Consider a small ${\displaystyle 2\times 2}$ grid of spins, where each spin can be either ${\displaystyle +1}$ or ${\displaystyle -1}$ . The energy of the system is determined by the Hamiltonian: ${\displaystyle E=-J\sum _{\langle i,j\rangle }S_{i}S_{j}}$, where ${\displaystyle J}$ is a coupling constant (set to 1 for simplicity), ${\displaystyle s_{i}}$​ and ${\displaystyle s_{j}}$ are neighboring spins, and the summation is over nearest neighbors. The goal is to minimize ${\displaystyle E}$, achieved when all spins are aligned.

Algorithm Steps

1. Initialize the spins: start with a random configuration. For example: ${\displaystyle L={\begin{bmatrix}+1&-1\\-1&+1\end{bmatrix}}}$
2. Calculate Initial Energy: For this configuration, each pair of neighboring spins contributes ${\displaystyle -JS_{i}S_{j}}$ to the energy. Calculate by summing these contributions: The pairs are ${\displaystyle (+1,-1),(-1,+1),(-1,+1),(+1,-1)}$, all of which contribute ${\displaystyle +1}$.  So, initial energy ${\displaystyle E=4}$.

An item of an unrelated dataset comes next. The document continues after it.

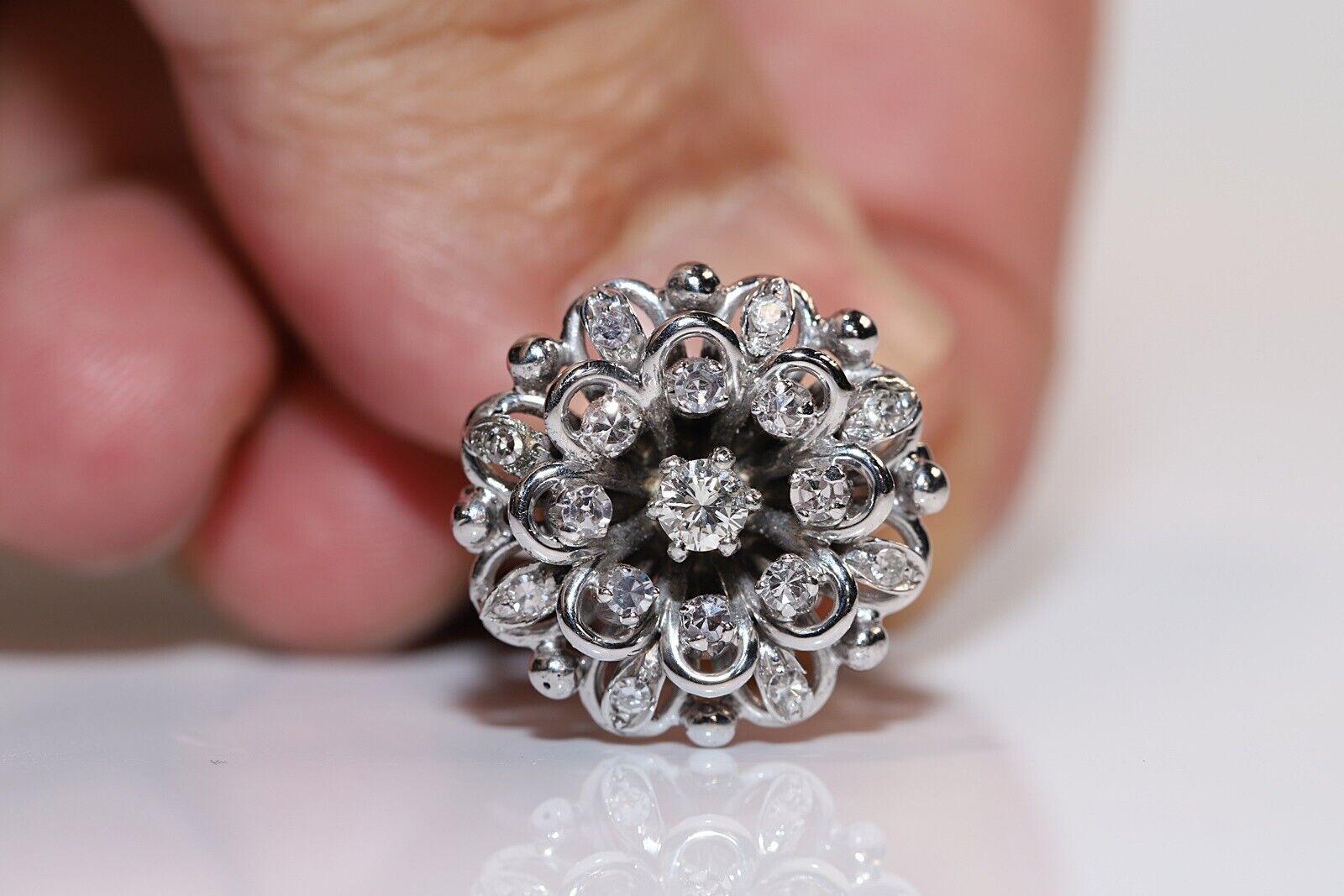 Vintage Circa 1970er Jahre 18k Weißgold natürlicher Diamant-Dekorierter Ring im Zustand „Gut“ im Angebot in Fatih/İstanbul, 34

3. Neighboring Configurations: Select a random spin to flip. Suppose the spin in the top right corner is chosen, changing ${\displaystyle +1}$ to ${\displaystyle -1}$: ${\displaystyle {\text{New L}}={\begin{bmatrix}+1&+1\\-1&+1\end{bmatrix}}}$ Recalculate ${\displaystyle E}$ for the new configuration: Now, three pairs are aligned ${\displaystyle (+1,+1)}$ and contribute ${\displaystyle -1}$ each, while one pair ${\displaystyle (-1,+1)}$ contributes ${\displaystyle +1}$, so total energy ${\displaystyle E=-2}$.
4. Acceptance Decision: Calculate ${\displaystyle \Delta E=E_{\text{new}}-E_{\text{old}}=-2-4=-6}$. Since ${\displaystyle \Delta E<0}$, accept the new configuration.